Making an Emotional Connection at Forrester CEX Forum

This week’s Forrester Forum in NYC created conversations around two very different concepts:  emotional connections with customers and prioritization of CEX budget. Emotional connection is “touchy feely”, full of metaphors of food, sports & nature, whereas prioritization tends to be very numeric and measurable.  The question raised is how do we combine the two to measure and improve an emotional connection?

On day one, Megan Burns, principal analyst at Forrester, set the stage convincingly by re-calibrating the science of CEX and the weights of the original core dimensions: Effectiveness, Ease and Emotion. Her team’s research showed emotion as a much more significant driver than the other two. Customers tend to be loyal to brands with which they feel an emotional connection.

As she drilled into emotion as that significant driver of loyalty, she uncovered dependencies. To create emotional connections there needed to be efficiency – such as the ability to resolve customer problems quickly. With that in mind, we can start attaching metrics and driving an emotional connection, at least to some extent.

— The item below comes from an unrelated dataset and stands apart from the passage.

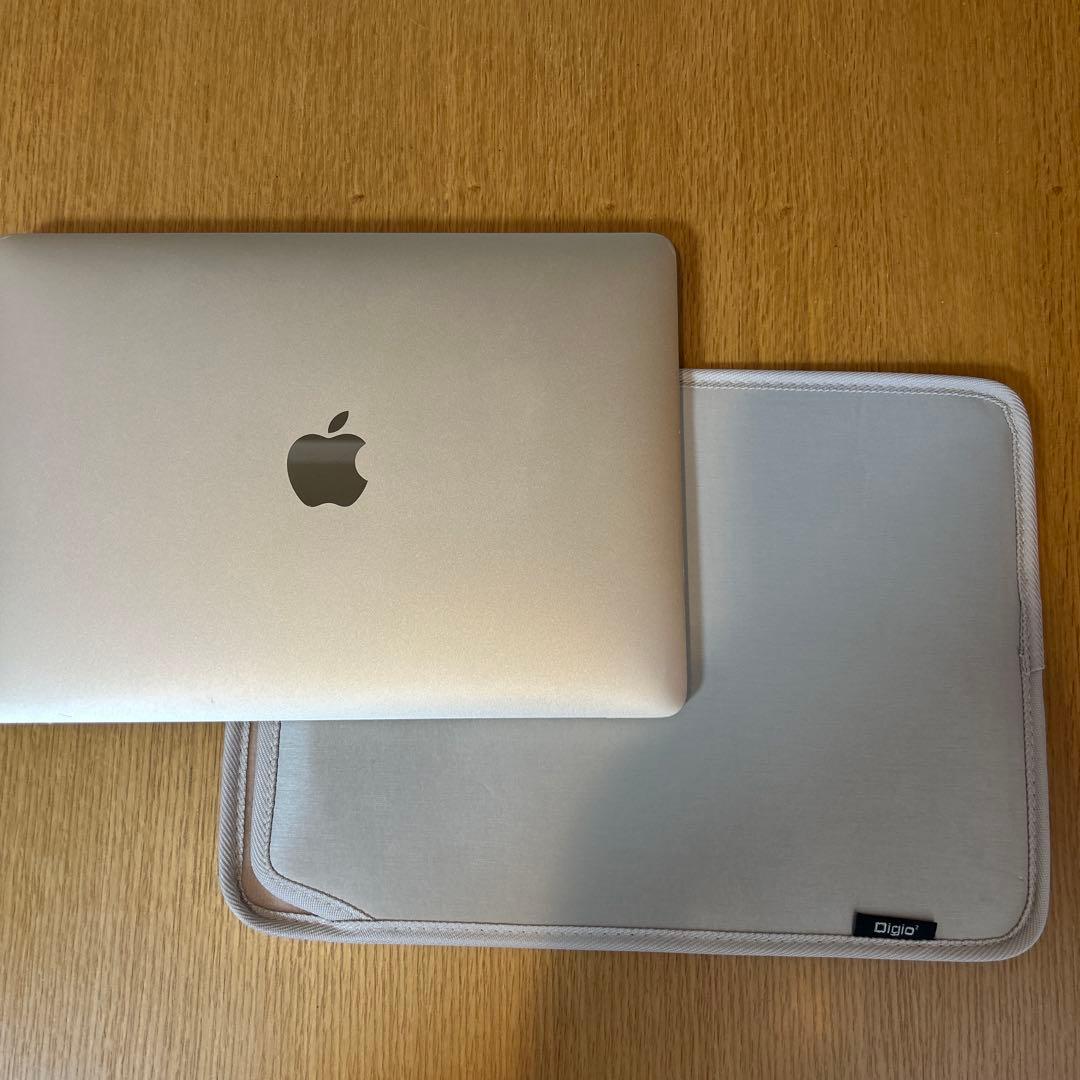 Apple MacBook Retina12インチEarly2015 A1534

The Home Depot’s Fil DaCosta spoke about the less tangible aspects. Coming from the contact center space, the “masters of measurement,” he discussed how The Home Depot leverages customer feedback and what customers are saying on calls to evaluate and drive the right behavior from employees. The previous day, CEO of Mercedes-Benz stated passionately that “Customer Experience Follows Employee Experience.” The Home Depot’s story proves that point.  Creating a direct understanding of customers, all the way down to every frontline employee, you can drive that coveted emotional connection. After all – it takes two to make an emotional connection, and humans do it best. By holding employees directly accountable for the customer experience, through education and customer-driven scoring, the Home Depot created tangible results that would impress even the most cynical of CFOs.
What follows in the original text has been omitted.